Australia will need to retool commodity exports to achieve net-zero emissions by 2050
As Australia gears up efforts to achieve net-zero emissions by 2050 it is clear that the nation would have to commercialize low emission technologies and change its energy mix in the next 30 years.
Speaking on Monday ahead of a climate summit occurring this week, Australian PM Scott Morrison said that the Aussie government was charting its own course to ensure “Australia is well placed to prosper through the great energy transition of our time, consistent with the strong action on climate change. “
Australia aims to reduce its emissions by 70 percent per unit of GDP on 2005 levels, and halve it when considered in per capita emissions, by 2030. According to Morrison, Australia has lowered its emissions by 19 percent at the end of 2020 when compared to the 2005 levels.
This is greatly due to a major switch to the production of renewable energy.
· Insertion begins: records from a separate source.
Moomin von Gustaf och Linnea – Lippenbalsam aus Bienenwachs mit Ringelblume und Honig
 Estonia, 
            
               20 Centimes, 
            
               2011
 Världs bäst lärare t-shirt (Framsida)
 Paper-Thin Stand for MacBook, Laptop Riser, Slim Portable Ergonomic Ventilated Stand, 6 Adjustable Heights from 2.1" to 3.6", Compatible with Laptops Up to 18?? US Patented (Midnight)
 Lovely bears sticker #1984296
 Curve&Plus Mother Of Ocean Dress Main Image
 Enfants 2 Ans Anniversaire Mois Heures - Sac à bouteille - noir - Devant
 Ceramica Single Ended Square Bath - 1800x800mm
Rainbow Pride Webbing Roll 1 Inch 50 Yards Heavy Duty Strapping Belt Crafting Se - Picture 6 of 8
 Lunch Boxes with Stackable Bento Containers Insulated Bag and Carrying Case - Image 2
Nearly 83% of power generation is expected to come from solar and wind by 2050 as compared to about 20% last year. Natural gas, bio energy, geothermal and small modular reactor will supply the remaining 17% in power output, data from WoodMac data shows.
However, in order to move forward with the decarbonization efforts, coal into power is expected to be phased out by 2035.
“The key to meeting our climate change ambitions is commercialisation of low emissions technology. We are not going to meet our climate change targets through punishing taxes,” Morrison pointed out.
As explained, Australia already produces many of the products that will be in growing demand as part of a low carbon future – from copper to lithium.
Wood Mackenzie Asia Pacific Head of Markets and Transitions, Prakash Sharma, believes Australia will need to retool its commodity exports industry to align with the Paris climate targets.
This is extremely important since Australia’s major trading partners – China, Japan and South Korea – are already in transition towards that goal.
“Our analysis shows that Australia can reach net-zero emissions before 2050. Although the pathway requires complete transformation of its traditional energy and export sectors, there are new opportunities to capitalise on,” Sharma said.
“This will require Australia to become a significant player in low-carbon hydrogen trade as well as being able to offer carbon storage and offset services. Total carbon removal capacity reaches approximately 200 Mt per annum by 2050 in Australia.”
Australia aims to tap into the potential of this switch by becoming a major player in the hydrogen industry by 2030 in line with its National Hydrogen Strategy.
The strategy, launched in 2019, outlines a set of nationally coordinated actions aimed at establishing ‘Hydrogen Hubs’ for production and export to the country’s major energy trading partners across the Asia Pacific region and other regions.
Aside to hydrogen, which is a top priority in the country’s First Low Emissions Technology Statement 2020, Australia also plans to focus its investments on energy storage, low carbon materials, as well as carbon capture and storage, CO2 compression and transport.